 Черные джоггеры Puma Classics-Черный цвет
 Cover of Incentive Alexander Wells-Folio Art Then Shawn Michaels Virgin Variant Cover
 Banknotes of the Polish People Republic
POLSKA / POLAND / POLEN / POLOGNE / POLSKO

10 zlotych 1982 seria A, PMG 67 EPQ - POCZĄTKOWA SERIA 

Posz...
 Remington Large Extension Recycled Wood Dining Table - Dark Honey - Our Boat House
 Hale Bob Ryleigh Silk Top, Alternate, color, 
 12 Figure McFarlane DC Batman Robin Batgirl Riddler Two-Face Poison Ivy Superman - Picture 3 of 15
-.-.-
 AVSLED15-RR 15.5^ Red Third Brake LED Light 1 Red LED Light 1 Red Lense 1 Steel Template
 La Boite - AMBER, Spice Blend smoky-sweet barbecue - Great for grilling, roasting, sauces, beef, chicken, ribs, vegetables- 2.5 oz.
-.-.-
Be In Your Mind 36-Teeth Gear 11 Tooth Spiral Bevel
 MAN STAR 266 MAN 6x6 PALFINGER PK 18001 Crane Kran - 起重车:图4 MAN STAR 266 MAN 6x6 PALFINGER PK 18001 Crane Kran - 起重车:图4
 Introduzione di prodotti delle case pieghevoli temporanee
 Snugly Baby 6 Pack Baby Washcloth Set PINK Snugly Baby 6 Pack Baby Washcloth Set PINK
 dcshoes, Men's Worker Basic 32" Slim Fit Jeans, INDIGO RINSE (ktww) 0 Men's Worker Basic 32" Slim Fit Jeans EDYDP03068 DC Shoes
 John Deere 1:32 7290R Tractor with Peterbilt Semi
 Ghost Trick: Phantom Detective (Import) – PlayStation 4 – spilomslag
-.-.-
TASK DETAILS -
The lines above from the one containing "Черные джоггеры Puma Classics-Черный цвет" through the one containing "12 Figure McFarlane" are to be set down exactly, and no others.

WRITTEN SOLUTION -
 Черные джоггеры Puma Classics-Черный цвет
 Cover of Incentive Alexander Wells-Folio Art Then Shawn Michaels Virgin Variant Cover
 Banknotes of the Polish People Republic
POLSKA / POLAND / POLEN / POLOGNE / POLSKO

10 zlotych 1982 seria A, PMG 67 EPQ - POCZĄTKOWA SERIA 

Posz...
 Remington Large Extension Recycled Wood Dining Table - Dark Honey - Our Boat House
 Hale Bob Ryleigh Silk Top, Alternate, color, 
 12 Figure McFarlane DC Batman Robin Batgirl Riddler Two-Face Poison Ivy Superman - Picture 3 of 15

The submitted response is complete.